Le commissaire Lognon aurait aimé prendre le temps de commenter son récit, sachant ô combien il était important de méditer les textes dont on s’était imprégné, rejoignant une longue tradition que nous n’aurons pas le loisir d’évoquer davantage car, déjà, le visage pâli par la colère et le manque de sommeil, le regard noir, pénétrait dans le bureau cette même marquise qui, l’avant-veille, aux environs de dix-sept heures, avait quitté son domicile. S’agitant, proférant des menaces quant à la promotion de l’ensemble de la flicaille qui se tenait à portée de ses invectives, Emma de la Bôle se comportait sans plus de souci du protocole. Lognon, une nouvelle pipe au bec, l’invita à s’asseoir, et, d’un pas nonchalant que ses inspecteurs connaissaient bien, signe infaillible que le commissaire avait une idée derrière la tête, se dirigea vers le placard qui se trouvait au fond de la pièce, et en ramena une bouteille de Chartreuse ainsi que deux verres. Une fois les verres servis, et l’ensemble des inspecteurs renvoyés : « Attendez-moi à côté ! Je vous ferai signe, quand j’aurai besoin de vous… », Lognon se tourna vers la marquise et, la regardant droit dans les yeux : « Comme disait mon oncle Edouard, un remontant ne peut jamais faire de mal si on n’a pas le gosier en pente !… » Réflexion qui ne parvint aucunement à dérider son interlocutrice. « Il faut que nous parlions, tous les deux. Pour être franc, je suis certain que vous me cachez quelques petites choses. » Emma, aussitôt, s’était redressée sur sa chaise, comme piquée au vif. « Oh! Ne vous en faites pas, madame la marquise : tout va bien. Mais j’ai l’impression que vous ne vous rendez pas bien compte de la gravité de la situation. Non pas que je vous soupçonne de quoi que ce soit…* Mais le pays est en danger, Madame. Ce collectif Burma… » Le commissaire remarque la légère rougeur qui apparut sur les joues de la marquise lorsqu’il prononça ces mots. Sans doute en savait-elle plus qu’elle ne l’avait affirmé jusqu’alors, jouant les ignorantes quant aux activités de son marquis de mari. « Ce collectif Burma, disais-je, représente un terrible danger pour la France.

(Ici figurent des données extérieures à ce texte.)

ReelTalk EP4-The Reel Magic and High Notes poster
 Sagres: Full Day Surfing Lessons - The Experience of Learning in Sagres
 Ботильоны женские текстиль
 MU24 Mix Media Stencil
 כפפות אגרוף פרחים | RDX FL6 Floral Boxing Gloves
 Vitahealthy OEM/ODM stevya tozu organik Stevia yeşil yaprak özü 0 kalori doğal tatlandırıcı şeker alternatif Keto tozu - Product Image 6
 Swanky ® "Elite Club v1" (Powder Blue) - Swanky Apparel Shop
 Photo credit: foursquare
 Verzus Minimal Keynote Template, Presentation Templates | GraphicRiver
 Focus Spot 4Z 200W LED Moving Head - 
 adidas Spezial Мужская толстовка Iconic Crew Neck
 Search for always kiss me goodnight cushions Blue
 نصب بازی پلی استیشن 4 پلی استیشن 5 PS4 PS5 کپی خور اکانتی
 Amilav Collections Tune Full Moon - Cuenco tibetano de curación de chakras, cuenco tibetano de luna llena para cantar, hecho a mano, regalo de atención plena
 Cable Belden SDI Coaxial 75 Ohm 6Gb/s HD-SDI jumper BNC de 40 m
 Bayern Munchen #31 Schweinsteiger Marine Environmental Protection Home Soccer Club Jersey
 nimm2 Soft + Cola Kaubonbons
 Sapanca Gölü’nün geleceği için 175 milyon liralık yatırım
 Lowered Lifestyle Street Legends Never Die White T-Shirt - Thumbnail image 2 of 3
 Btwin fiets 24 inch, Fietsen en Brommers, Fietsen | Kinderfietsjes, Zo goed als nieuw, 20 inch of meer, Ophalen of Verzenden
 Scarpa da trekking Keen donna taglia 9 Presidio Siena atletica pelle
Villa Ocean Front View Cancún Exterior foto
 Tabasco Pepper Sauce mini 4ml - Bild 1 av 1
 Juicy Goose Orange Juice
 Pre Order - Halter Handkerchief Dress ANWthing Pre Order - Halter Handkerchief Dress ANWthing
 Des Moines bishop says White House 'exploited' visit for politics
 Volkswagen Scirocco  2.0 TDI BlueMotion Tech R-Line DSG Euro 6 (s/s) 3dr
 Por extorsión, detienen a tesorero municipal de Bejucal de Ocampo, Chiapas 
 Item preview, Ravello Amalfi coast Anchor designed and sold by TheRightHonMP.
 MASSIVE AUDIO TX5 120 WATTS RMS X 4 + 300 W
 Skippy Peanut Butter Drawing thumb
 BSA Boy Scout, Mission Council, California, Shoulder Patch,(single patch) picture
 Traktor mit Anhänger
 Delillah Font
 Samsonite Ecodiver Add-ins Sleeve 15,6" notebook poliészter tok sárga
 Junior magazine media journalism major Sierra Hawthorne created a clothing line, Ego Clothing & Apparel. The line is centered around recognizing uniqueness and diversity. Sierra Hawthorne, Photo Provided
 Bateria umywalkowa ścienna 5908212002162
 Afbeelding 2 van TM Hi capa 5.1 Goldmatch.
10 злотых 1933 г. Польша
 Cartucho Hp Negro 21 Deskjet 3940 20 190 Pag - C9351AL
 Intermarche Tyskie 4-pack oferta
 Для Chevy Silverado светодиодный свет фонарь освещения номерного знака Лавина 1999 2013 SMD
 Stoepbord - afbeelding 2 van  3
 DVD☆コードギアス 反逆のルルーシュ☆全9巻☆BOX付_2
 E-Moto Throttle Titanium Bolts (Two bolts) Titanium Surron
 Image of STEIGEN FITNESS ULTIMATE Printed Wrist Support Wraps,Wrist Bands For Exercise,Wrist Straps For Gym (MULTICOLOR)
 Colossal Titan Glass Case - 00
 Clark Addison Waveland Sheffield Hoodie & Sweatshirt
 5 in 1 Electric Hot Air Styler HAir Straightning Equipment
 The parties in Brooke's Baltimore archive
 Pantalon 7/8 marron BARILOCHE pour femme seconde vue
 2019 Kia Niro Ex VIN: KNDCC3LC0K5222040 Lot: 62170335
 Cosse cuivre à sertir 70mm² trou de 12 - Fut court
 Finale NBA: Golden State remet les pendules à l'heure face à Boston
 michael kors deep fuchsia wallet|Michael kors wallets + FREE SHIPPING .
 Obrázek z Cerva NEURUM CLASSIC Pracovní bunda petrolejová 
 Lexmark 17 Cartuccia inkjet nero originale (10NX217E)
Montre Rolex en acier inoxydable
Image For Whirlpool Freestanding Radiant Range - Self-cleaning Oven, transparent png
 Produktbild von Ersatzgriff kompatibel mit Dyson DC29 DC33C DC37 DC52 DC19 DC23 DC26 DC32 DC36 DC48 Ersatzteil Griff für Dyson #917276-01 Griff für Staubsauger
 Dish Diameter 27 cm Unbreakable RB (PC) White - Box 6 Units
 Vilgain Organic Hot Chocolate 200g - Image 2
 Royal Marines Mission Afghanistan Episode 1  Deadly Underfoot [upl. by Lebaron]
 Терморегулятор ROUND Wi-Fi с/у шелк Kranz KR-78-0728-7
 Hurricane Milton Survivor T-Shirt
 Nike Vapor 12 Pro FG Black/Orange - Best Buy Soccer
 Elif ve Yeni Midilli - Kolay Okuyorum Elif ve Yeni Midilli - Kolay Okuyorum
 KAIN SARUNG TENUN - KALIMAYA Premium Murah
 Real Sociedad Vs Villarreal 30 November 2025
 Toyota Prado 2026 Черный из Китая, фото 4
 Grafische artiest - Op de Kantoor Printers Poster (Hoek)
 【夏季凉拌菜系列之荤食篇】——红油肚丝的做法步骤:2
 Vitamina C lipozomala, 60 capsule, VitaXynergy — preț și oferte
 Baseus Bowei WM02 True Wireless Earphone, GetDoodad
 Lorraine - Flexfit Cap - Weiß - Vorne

Et peut-être même, pour l’ensemble de la planète !… » Lognon avala une gorgée du sirupeux breuvage qu’il aimait tant, tira quelques bouffées sur sa pipe, puis reprit : « Avant que vous n’embauchiez Vanessa Aldobrandi à votre service, vous aviez une domestique du nom de Félicité… C’est bien cela ? »

*L’auteur entend déjà les commentaires acerbes de certains de ses lecteurs qui, très certainement, n’hésiteront pas à affirmer qu’il s’agit là d’une reculade motivée par l’apparition d’Emma de la Bôle sur le réseau Facebook. À ceux-là nous nous contenterons de rappeler que nous nous bornons ici à rapporter des faits qui nous ont été rapportés. Quant à la manière dont nous avons pris connaissance de ceux-ci, chacun comprendra aisément que nous ne puissions rien en révéler ici.